Dec 30, 12 Women Prefer Nudity In Online Avatars

Unrelated to traditional measures of traditional measures of attractiveness, virtual women reveal more skin, regardless of real life body proportions.

“Enter a world with infinite possibilities and live a life without boundaries, guided only by your imagination.”

That’s the tagline on the ‘What is Second Life’ web page.

For those of you who haven’t heard, Second Life is a virtual reality world for grown folks complete with different worlds for different interests. For example, art, music, business, and of course WHAM, or Where Hot Adults Meet.

A mass multi-player online ‘game’ where people use the anonymity and expansiveness of online interaction to fulfill sexual desires? What a surprise!

According to research published December 26 in the open access journal PLOS ONE by Matthieu Guitton and colleagues from Laval University, Canada, women on Second Life expose way more skin than their male counterparts.

Having never been on second life myself, I decided to quickly make a profile and do a little exploring.

Sure enough! I found that nearly every woman roaming the game was wearing lingerie, a bikini, some midriff-exposing top, or more often, was completely nude. I even came across a larger than life dragon-person with human breasts and a gigantic red penis. Crazy, but I’m straying from the point.

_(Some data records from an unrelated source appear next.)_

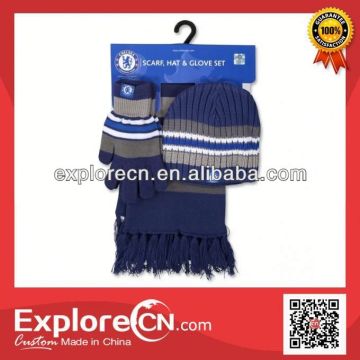 High quality winter warm scarves& caps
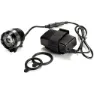 Bonin Jy Round Frontlys, Black, 500 Lysstyrker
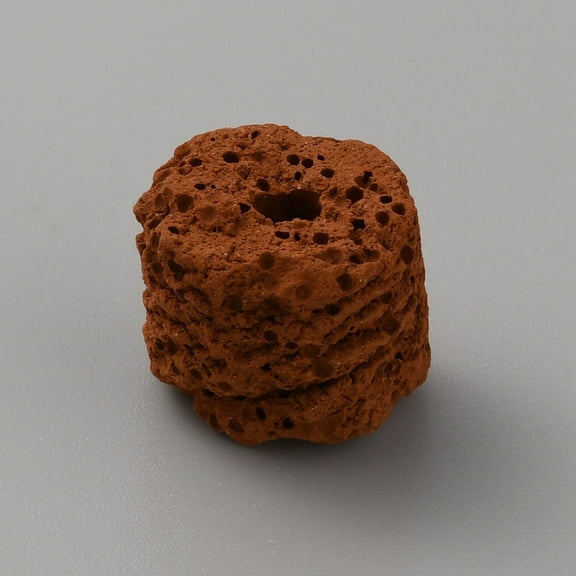 40pc Ceramic Water Plant Retaining Ring Man-made Planting Ring for Aquarium Saddle Brown 19x20x17.5mm Hole: 4.5x3mm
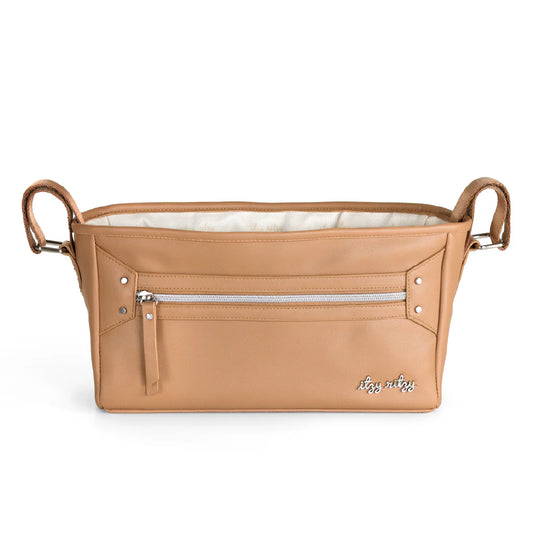 Chai Latte Tan Stroller Caddy - Handy Stroller Storage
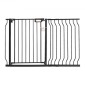 VEVOR Baby Gate, 74,9 cm-122,9 cm Extra Wide, 76,2 cm High, Dog Gate για τις πόρτες και το σπίτι σκάλες, Easy Step Walk Thru Auto Close Child Gate Πόρτα ασφαλείας για κατοικίδια με κιτ τοποθέτησης πίεσης και κιτ τοποθέτησης στον τοίχο, μαύρο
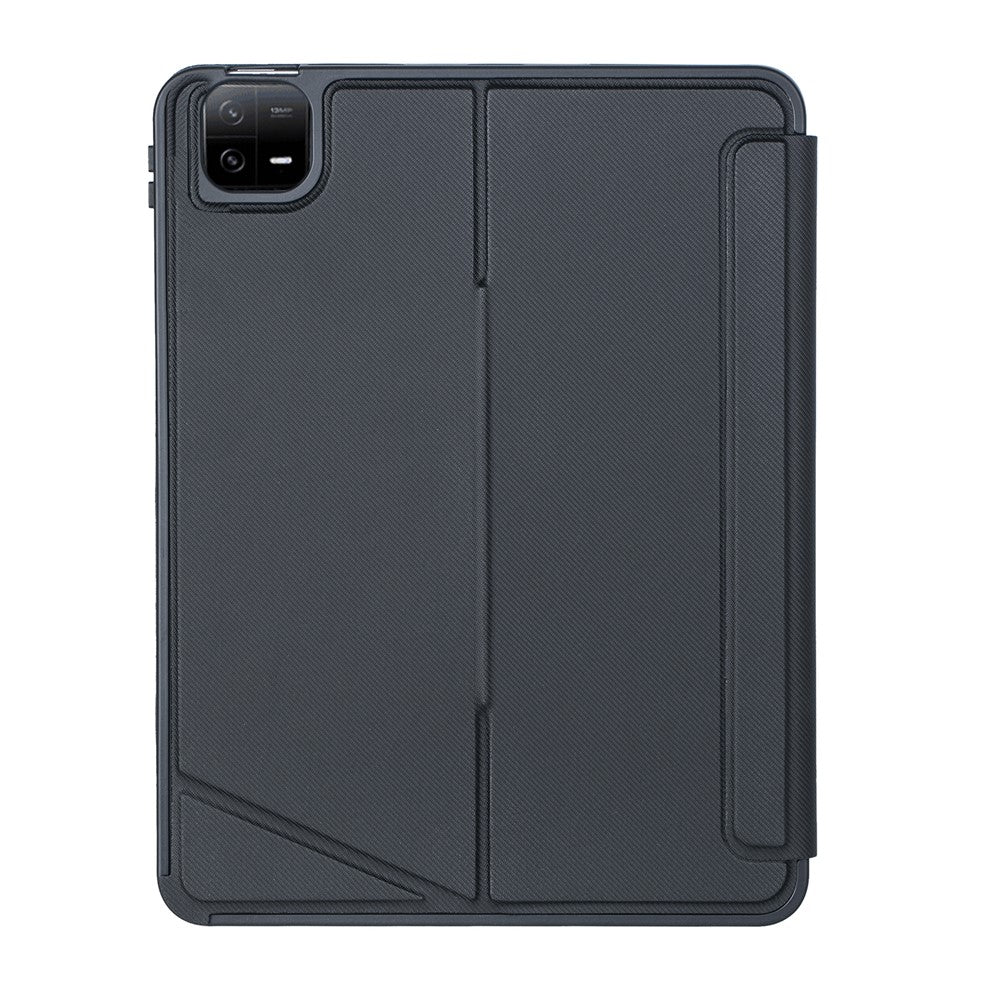 T0N7-AS For Xiaomi Pad 6 Pro / Pad 6 Leather Stand Cover + Backlit Touchpad Bluetooth-compatible Keyboard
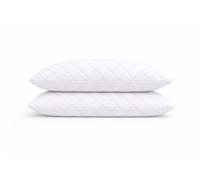 Starlight Beds Memory Foam Pillow with Shredded Foam Filling and a Quilted Breathable Cover, Supportive for Side and Back Sleepers, 2 Pack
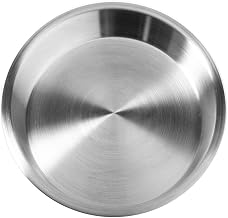 American METALCRAFT, Inc. American Metalcraft 744 Pizza Pans, 7.625" Length x 7.625" Width, Silver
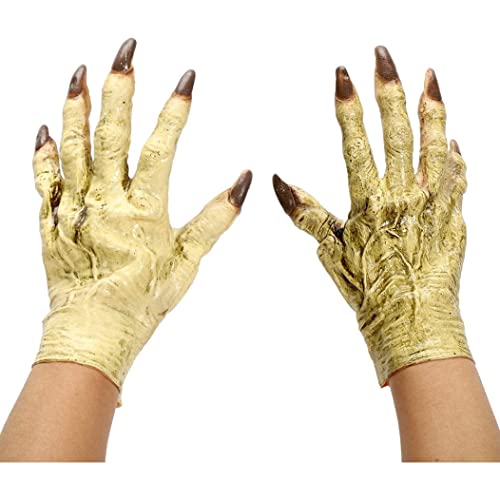Wedhapy Halloween Klauenhandschuhe Halloween Zombie Hände Halloween Kostüm Party Kostüm Dekorationen Halloween Witze Streich Tricks Erwachsener Accessoire One Size Wedhapy Halloween Klauenhandschuhe Halloween Zombie Hände Halloween Kostüm Party Kostüm Dekorationen Halloween Witze Streich Tricks Erwachsener Accessoire One Size von Wedhapy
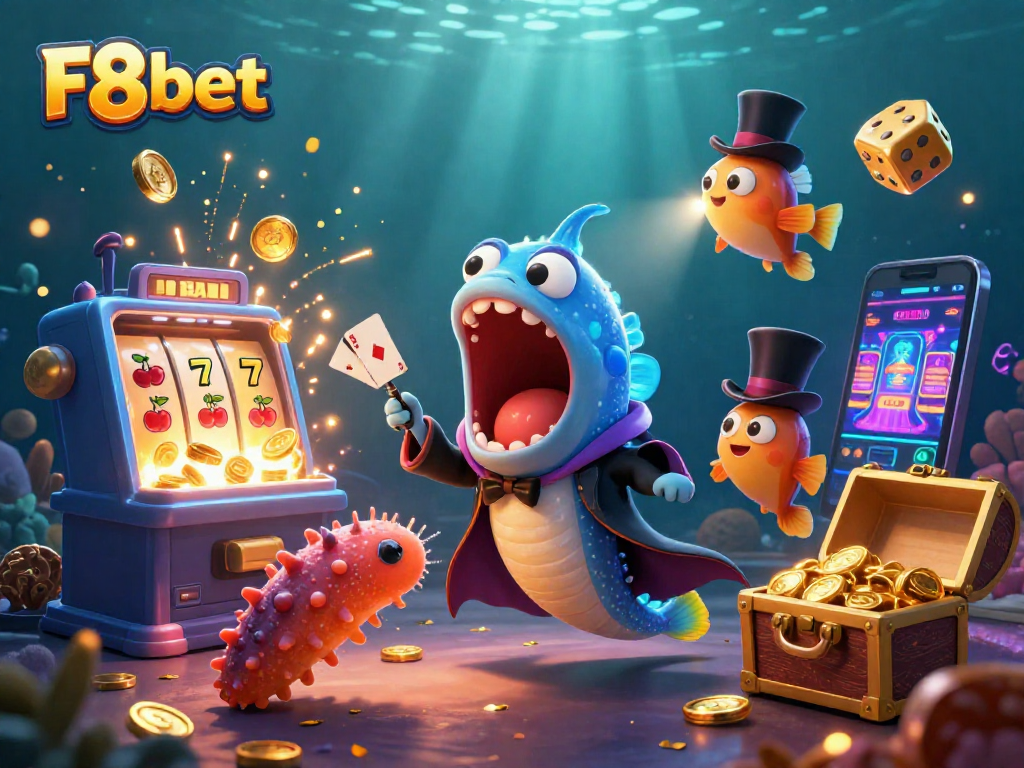 Experience thrilling gaming with F8bet as underwater characters enchant players in this vibrant promotion.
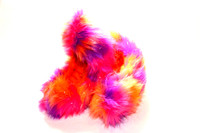 Crazy Fur Soakers - 01GCF - Glitter Crazy Fur - Orange, Pink & Purple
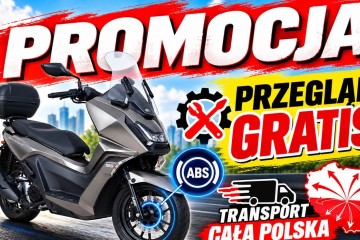 125 2026 ABS!, odbiór OD RĘKI!, LEDy, kufer w zestawie! RATY transport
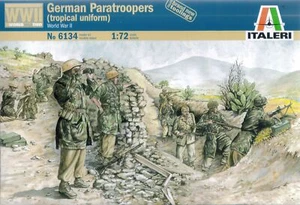 Italeri 1/72 (20mm) WWII German Paratroopers (Tropical) - Bild 1 von 1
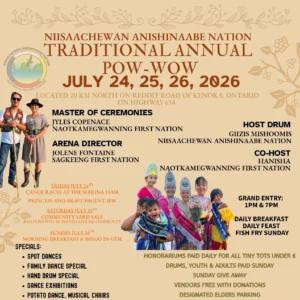 Niisaachewan Anishinaabe Nation Traditional Annual Pow Wow 2026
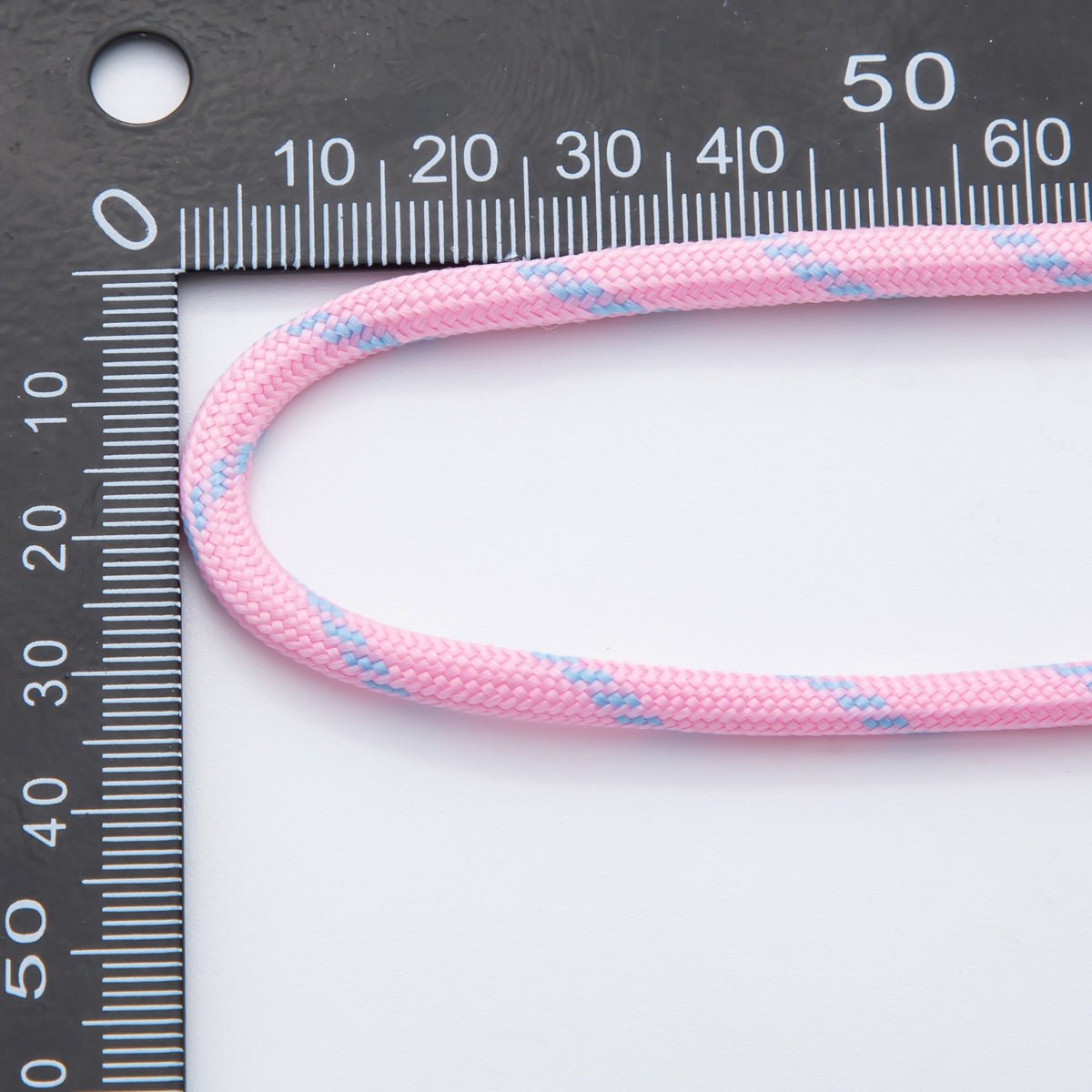 5mm Bay Pink Baby Blue Summer Cotton Cord Paracord Unfinished Chain by Yard | Roll-1725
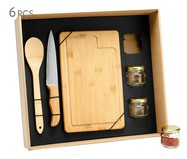 Jogo para Cozinha em Inox E Bambu Frieda - 46X13X41cm | WestwingNow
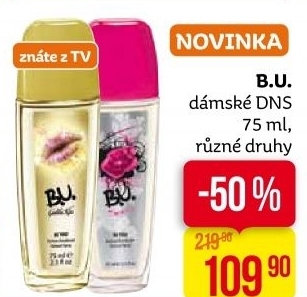 Deodorant parfémovaný dámskýB.U.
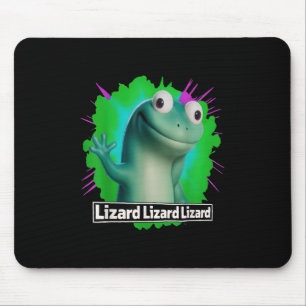 Funny Weirdcore Animal Women Men Lizard Liz Mousepad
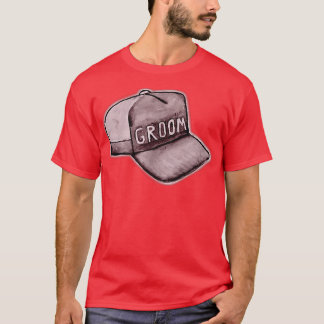 Camiseta Chapéu do Noivo Fofo Festa de Despedida de Solteir
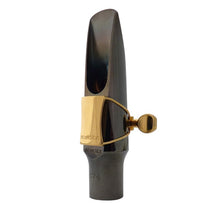 Load image into Gallery viewer, Brancher Silver Plated Alto Sax Mouthpiece with Gold Plated Ligature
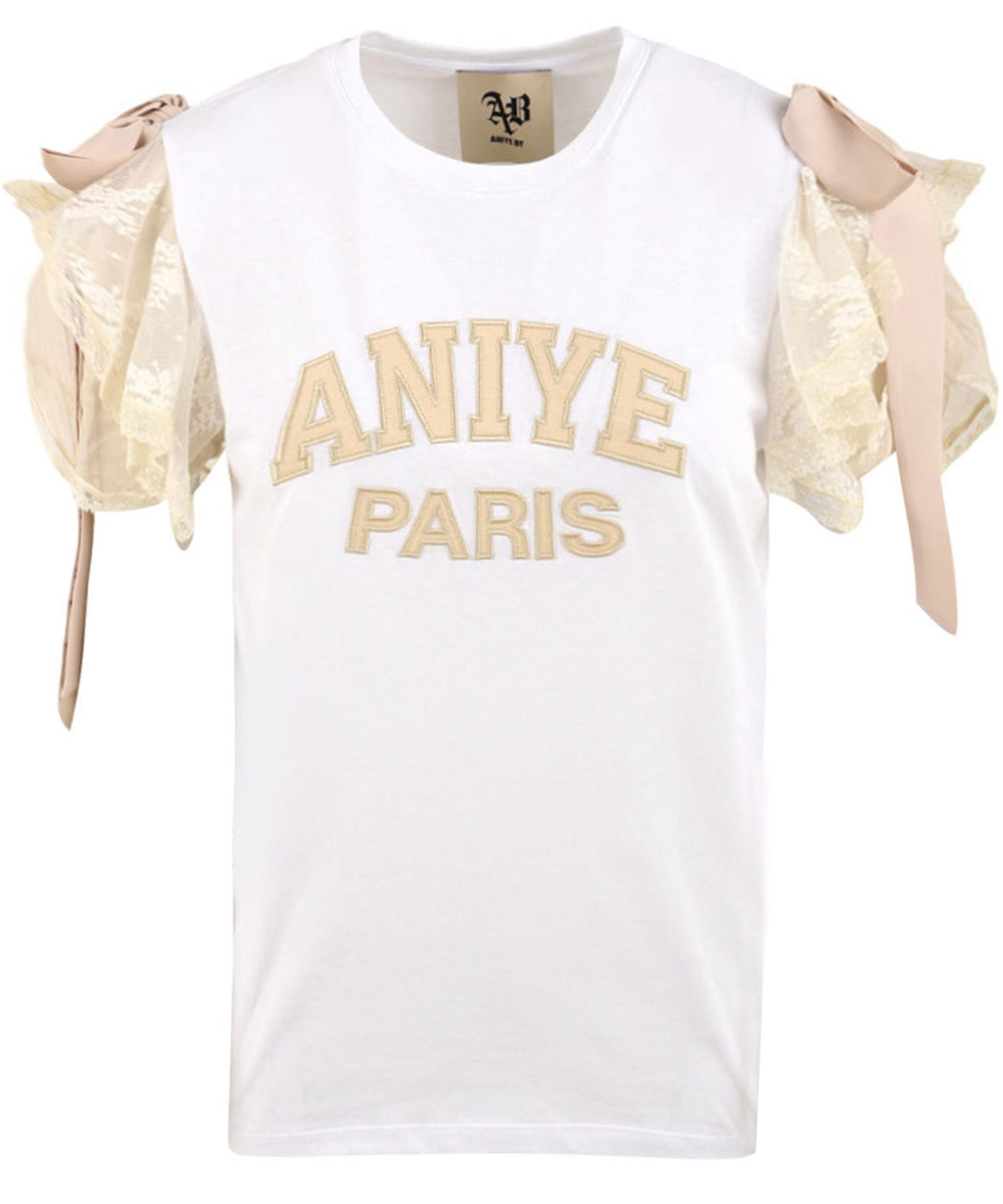 T-shirt Ribbon urban ANIYE BY Donna - Bianco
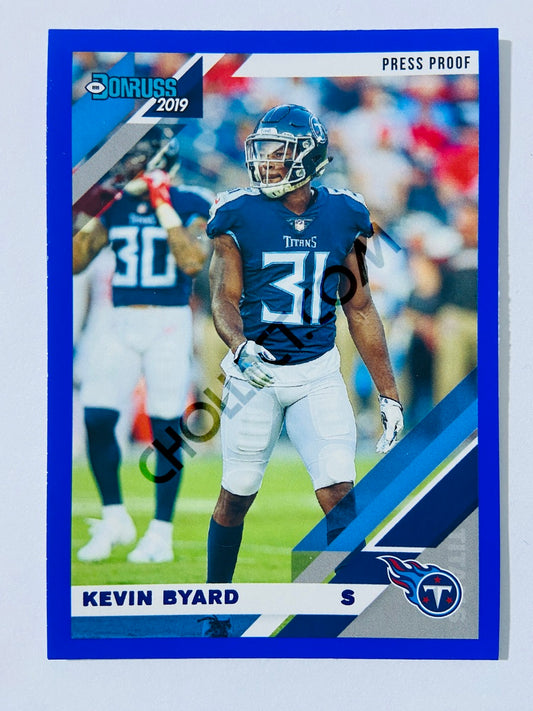 Kevin Byard – Tennessee Titans 2019-20 Panini Donruss Blue Press Proof Parallel #248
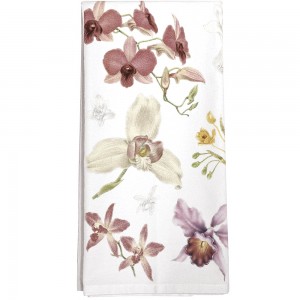 Scattered Orchids Towel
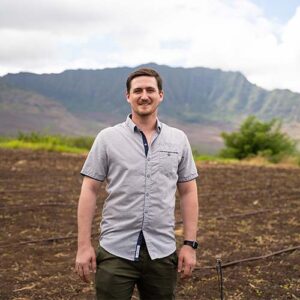 Ethan West works with local farmers to curate the ingredients for his baby food.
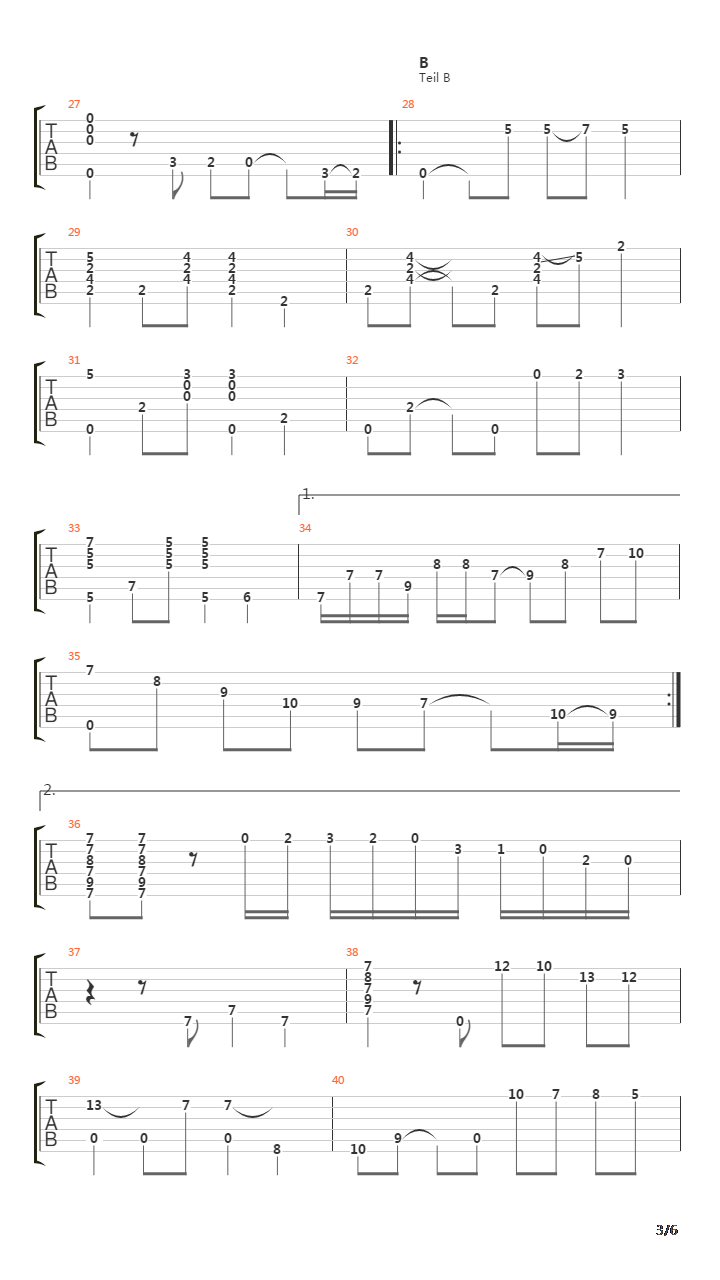 Tango吉他谱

Back to the next to nude avatars of female users.

We humans cover up for various climatic, environmental, physical and cultural reasons, so measuring people’s tendency to reveal skin can be difficult, if not nearly impossible, in the real world. In order to study human behavior free some of these constraints, the researchers examined how male and female avatars in the virtual world of Second Life dressed.

“Second Life offers users options to choose the gender, appearance and attire of their virtual avatars, and users can select clothing from several items created in this virtual world, rather than being restricted to a predefined costume.

They found that out of over 400 virtual people studied, 71% of male avatars covered between 75-100% of their skin, while only 5% of females did. In contrast, 47% of the virtual females they studied covered between 25-49% of their skin, compared to 9% of males. The amount of skin covered was independent of traditional gender-specific measures of physical attractiveness for virtual avatars, such as waist-chest ratios for females.”

According to the study, “These findings have implications for understanding how sex specific aspects of skin disclosure influence human social interactions in both virtual and real settings.”

The shocker, in my opinion, is that the women are the one showing all the skin. Maybe I’m being sexist, but I generally assume there are more horny men online. The hiccup within this study is that the game is more about expression and connection than it is about fulfilling sexual desires, therefore it sort of makes sense that more women would seek to portray themselves as sexier or more scantily clad than they would be in real life, since none of the aforementioned factors for covering our skin play a role. Then there’s the anonymity factor.

In my opinion, 400 users is not enough of a pool to make a reliable generalization. Also, more research has to be done into the psychological profiles of the users. Without those two factors, it seems to me to be flawed information.